What to produce
Would you output the lines from the one with "1927 Zamárdi-fürdő, Balatonhoz" through the last line of the material below, exactly, but without pictures?

Supplied information
━━━━━━━━━━━━━━━━━━━━

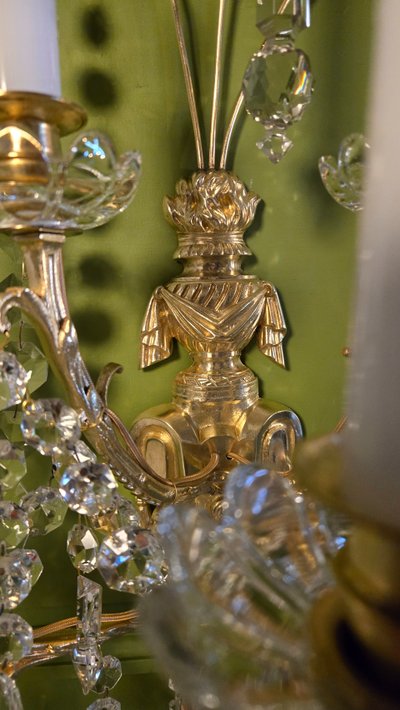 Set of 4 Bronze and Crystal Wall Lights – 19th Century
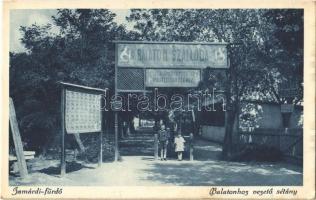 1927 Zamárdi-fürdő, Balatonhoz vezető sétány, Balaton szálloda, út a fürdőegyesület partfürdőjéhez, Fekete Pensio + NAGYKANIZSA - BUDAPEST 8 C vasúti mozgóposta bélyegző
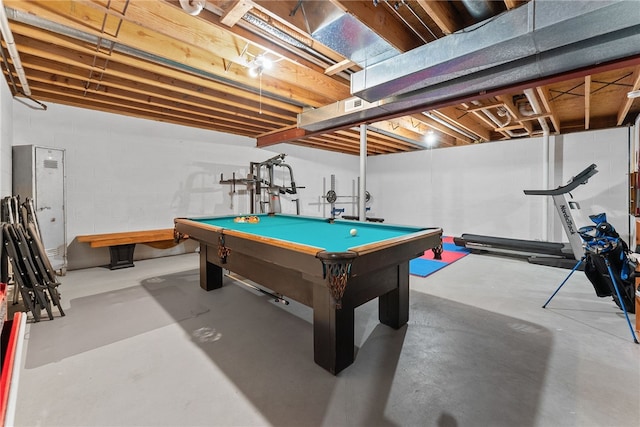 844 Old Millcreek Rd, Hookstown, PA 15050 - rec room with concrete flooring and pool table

━━━━━━━━━━━━━━━━━━━━

Answer to the problem
 1927 Zamárdi-fürdő, Balatonhoz vezető sétány, Balaton szálloda, út a fürdőegyesület partfürdőjéhez, Fekete Pensio + NAGYKANIZSA - BUDAPEST 8 C vasúti mozgóposta bélyegző
 844 Old Millcreek Rd, Hookstown, PA 15050 - rec room with concrete flooring and pool table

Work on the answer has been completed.